You may be more successful with smaller developement teams. They may have a lead developer that has to double-up as the leader, but is more suited to programming and doesn't have the time to do some of the things you have to offer.

Also there are many companies that have hired junior programmers only and are starting to have growing pains. You could help them implement some best practices before they hire a full-time manager or one of the junior's gets up to speed.

It's probably the companies that have less IT expertise that will need your help. Any company that has the money to hire 5 developers has managed to get a manager. Like most of the other posts, I don't think they'll want your help.

answered Sep 3 '10 at 03:14
Jeff O
6,169 points
  • Some valid points there Jeff. The proposal is to validate/audit their current processes and identify the holes. It's entirely feasible that a development manager has a desire to improve his department and enlist the help of a consultant. It would be an unbiased view of the department. I'm not saying it would be easy, I just believe that it is possible to sell a service like this. I've been a consultant for many years and I'm always surprised that companies hire consultants for something they could (possibly) do themselves, but they keep on paying good money for this experience. – Smart Company Software 13 years ago
  • Sounds like you have enough experience to be able to work with software dev managers to identify where they need help. – Jeff O 13 years ago


Perhaps, but the real issue you may find is that while smaller companies may be your target, they may also be harder to convince of the errors of their ways.

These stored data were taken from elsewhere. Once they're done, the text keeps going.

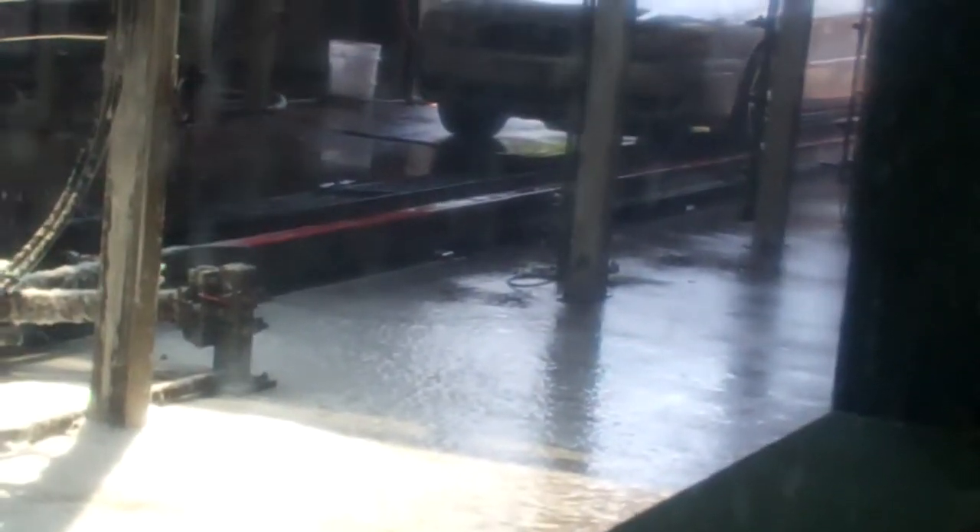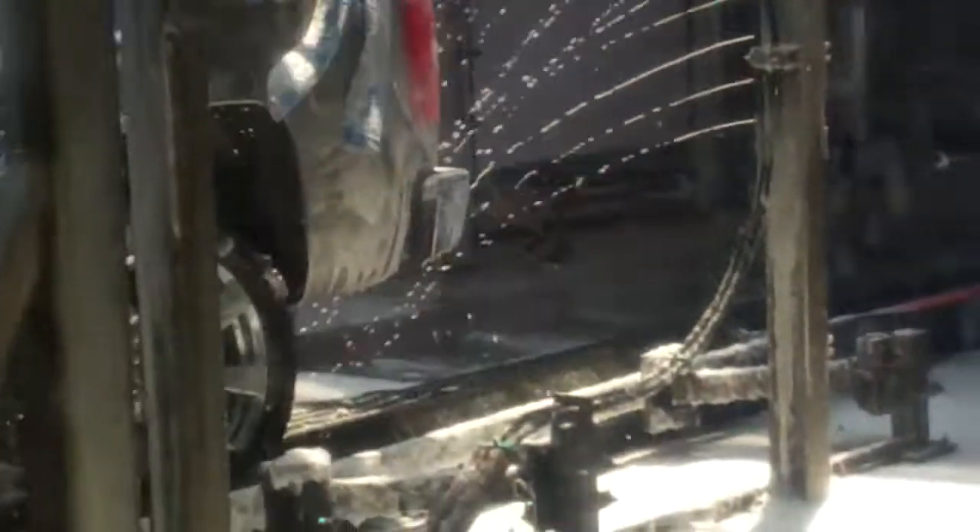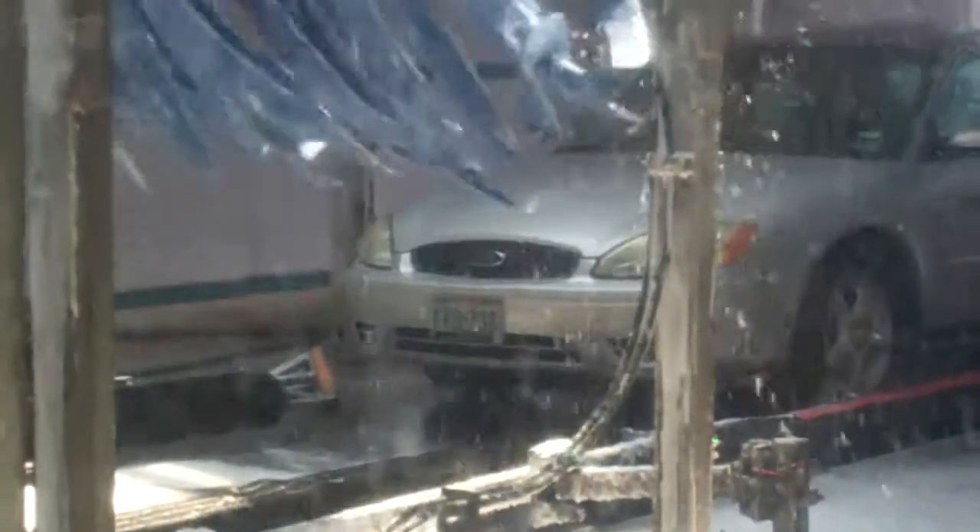There's a Chevy Sobrado. There goes the Chevy Sobrado, and now here comes the Ford Taurus — it's going to get the pre-soak and the wheel cleaner.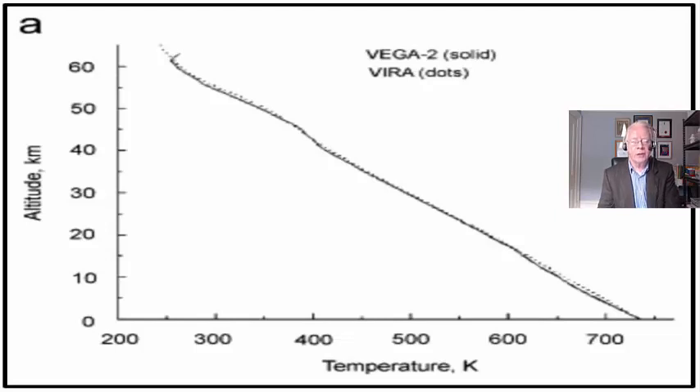Here is the thermal gradient in the Venusian atmosphere as recorded by the Vega 2 and Venera landers. There's very little difference between them — Vega 2 is the solid line, Venera is the dotted line. This shows 60 kilometers of height measuring temperature down to the surface, which is 740 kelvin on the right. On the left you start at 60 kilometers at about 250 kelvin. Notice that in the bottom four kilometers — which is a supercritical fluid — the thermal gradient continues at the same angle with no change whatsoever.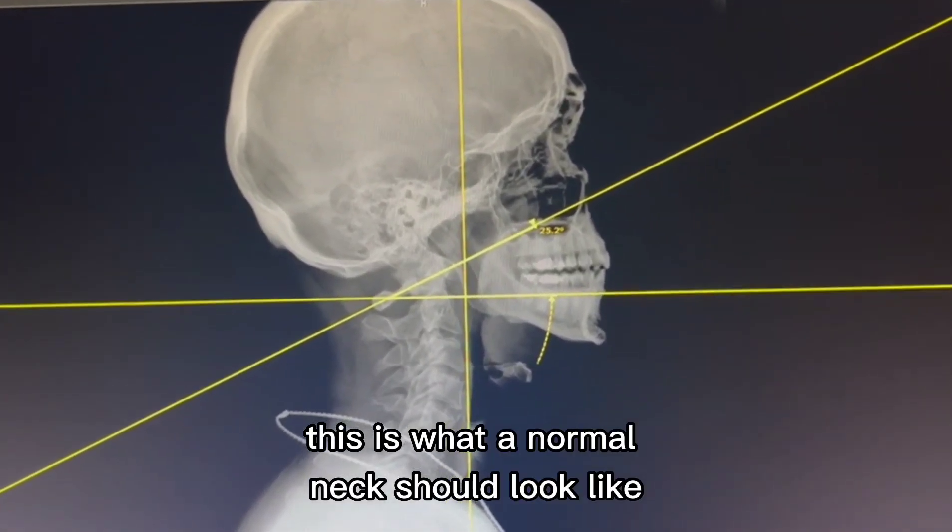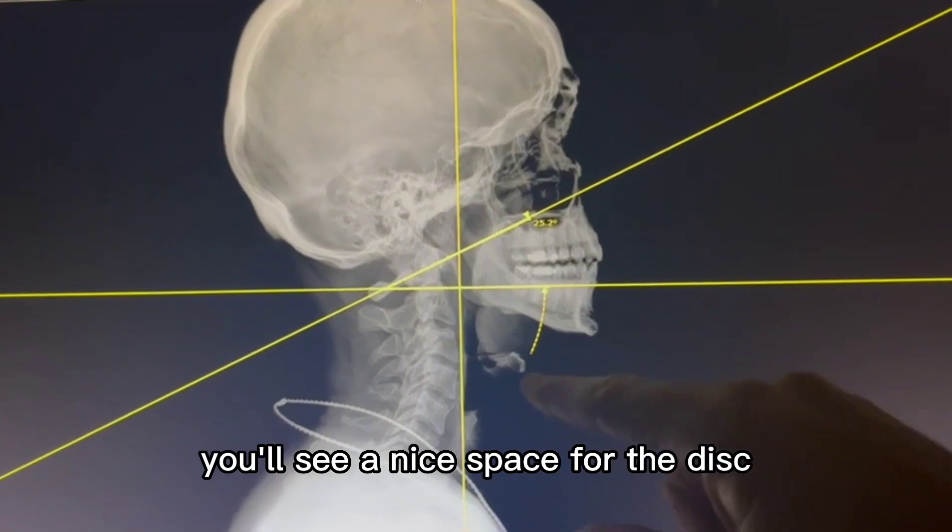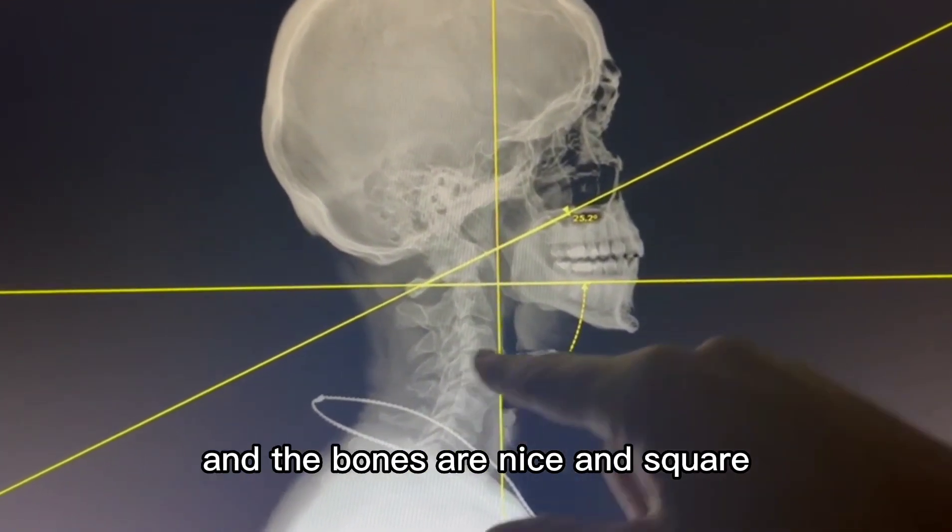This is what a normal neck should look like. You'll see a nice C-shaped curve, a nice space for the discs, and the bones are nice and square.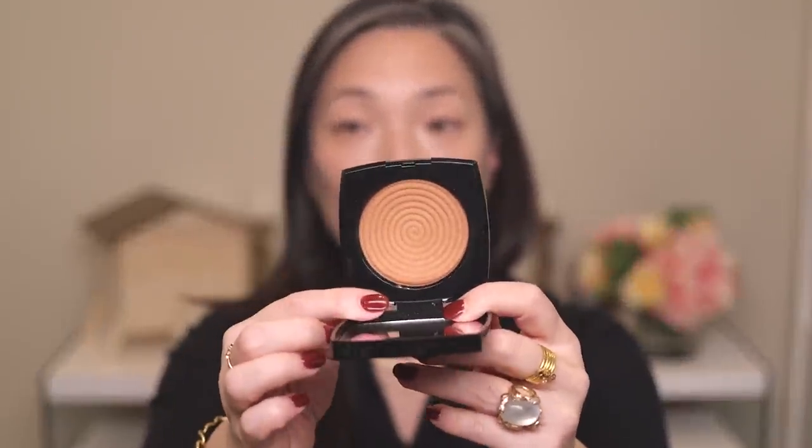Next is bronzer. I'm going to use the Healthy Glow Illuminating Powder in Sunset — the one that has that rope detail. It's a little on the warm side and has a golden sheen to it. Most of my brushes are dirty so I'm going back in with this fluffy brush, which is actually perfect for a bronzer like this because I don't want anything too harsh. I'm going to warm up the face and neck a little. I look a little sun-kissed now.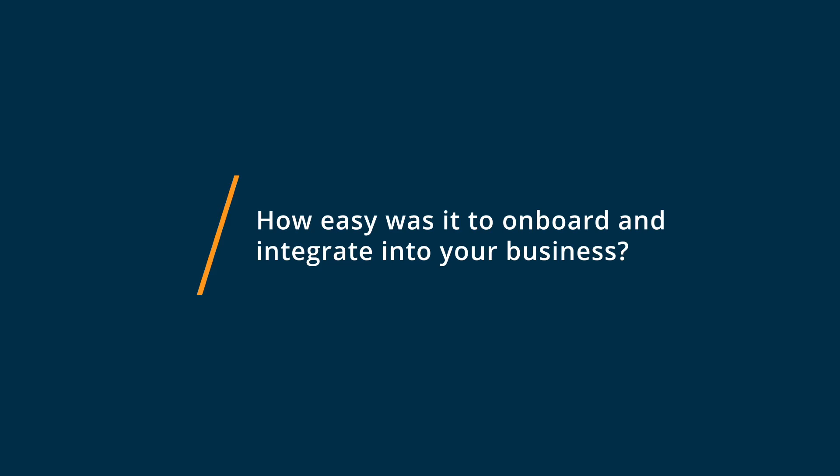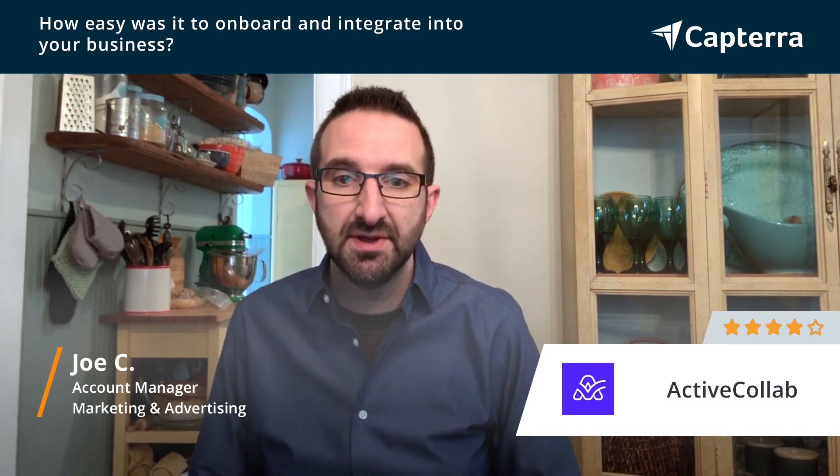Onboarding with ActiveCollab was a pretty seamless process. Obviously, there's a lot of details when you're moving your company into a new project management tool, or getting into one for the first time. Support was great, the system was really easy to learn. The layout, the dashboard — those are things that are a big deal to me, just to make sure it's user-friendly, easy to look at, easy to find things. Onboarding was a fairly easy process with all the details involved.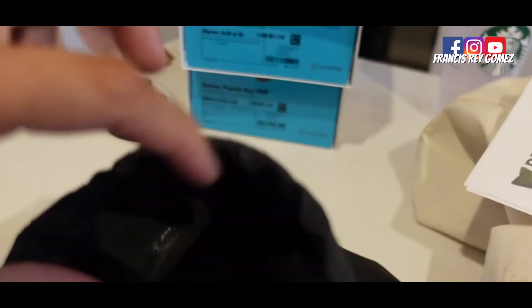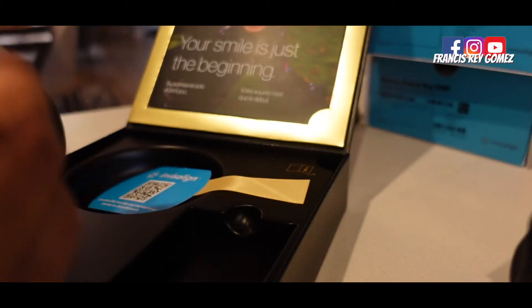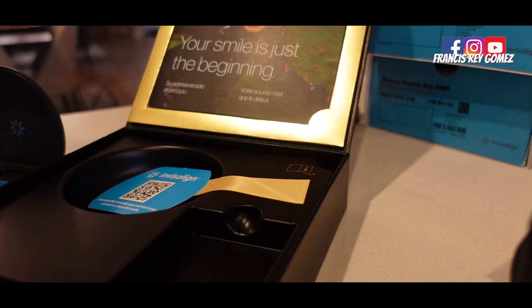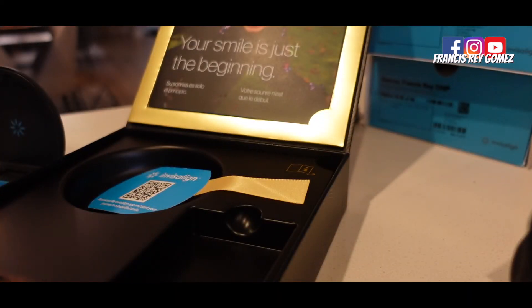I'm pretty anxious because I know it's gonna be a little bit painful for the first week because of the attachment. Let's see how Invisalign really transforms my teeth - my lower jaw teeth are all not in place. Alright guys, let's go, come with me to Dental One Panorama.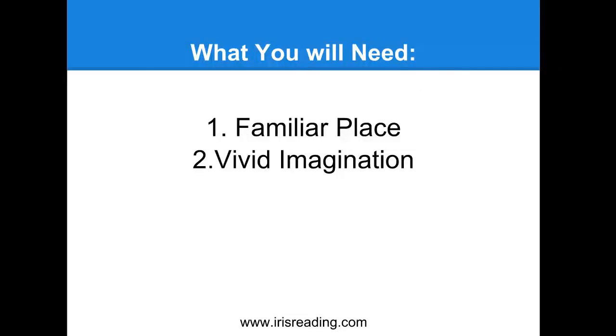We need a familiar place and a vivid imagination. The memory palace system is easy to learn and it works really well for people who are very good at visualizing. If you're not good at visualizing, you will be with just a little bit of practice - and actually, we'll practice that today. The more you practice visualizing things, the better you get at it.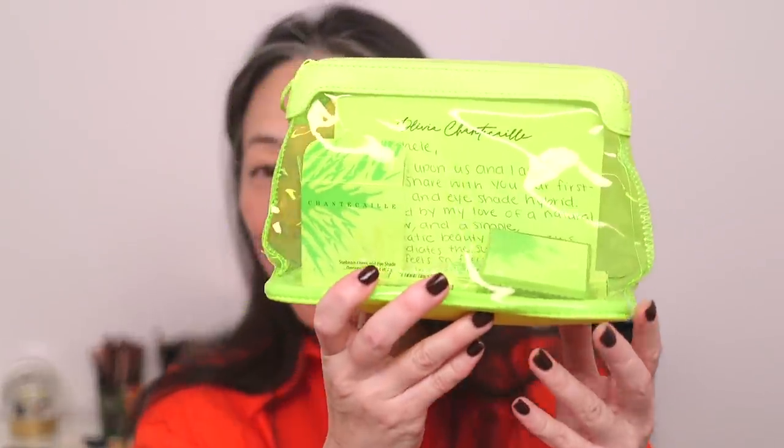Hey guys, today we're going to be trying a whole bunch of new luxury makeup. I received a bunch of stuff from Chantecaille — their summer 2022 collection.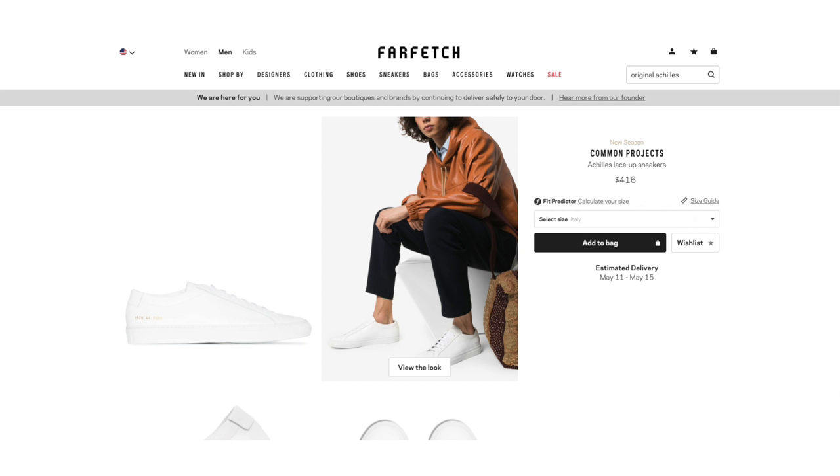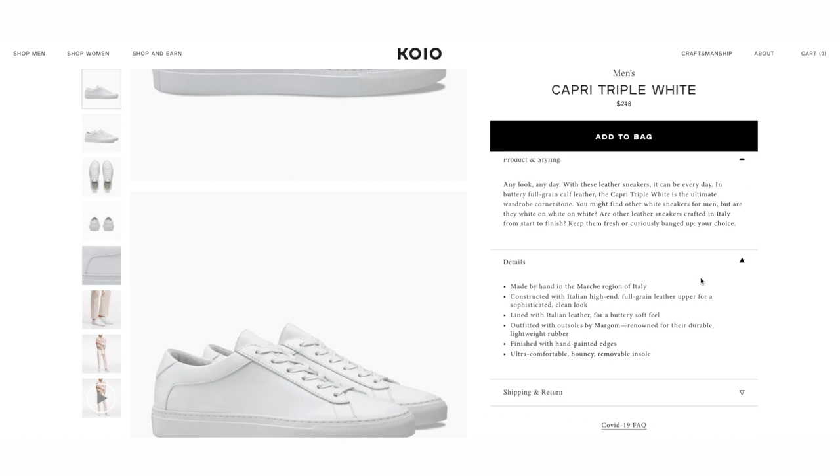That doesn't mean you can't find something of similar or equal quality at a lower price, and that's what we're going to talk about right now. So why are Common Projects $400-plus? First, Common Projects is a luxury brand, so you pay that luxury premium for the name. There's also a markup because they sell through luxury retailers like Mr. Porter, Ssense, Farfetch, Neiman Marcus, and Saks Fifth Avenue — the brand and retailers both need to make money. Third, they're high quality: high quality materials, great construction. Enter the direct-to-consumer brands, of which Koyo is just one of many. By cutting out the middleman and selling directly to you, brands like Koyo are able to offer a similar quality product at a much lower price point.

Having worked in both large and small companies, I found it interesting that the larger the company, the more likely they were to listen to recommendations from external consultants.

That being said, I do think there's a market if you can show such a company how you affect their bottom line. If you can demonstrate that implementing your suggestions will improve quality, reduce risk, enhance productivity, save them money in the long run, or any combination of those, then you'll have a fairly good chance of securing clients that way.

The problem is, how do you prove such claims (you'll need real case studies and past experience with similar clients) before you have your first clients?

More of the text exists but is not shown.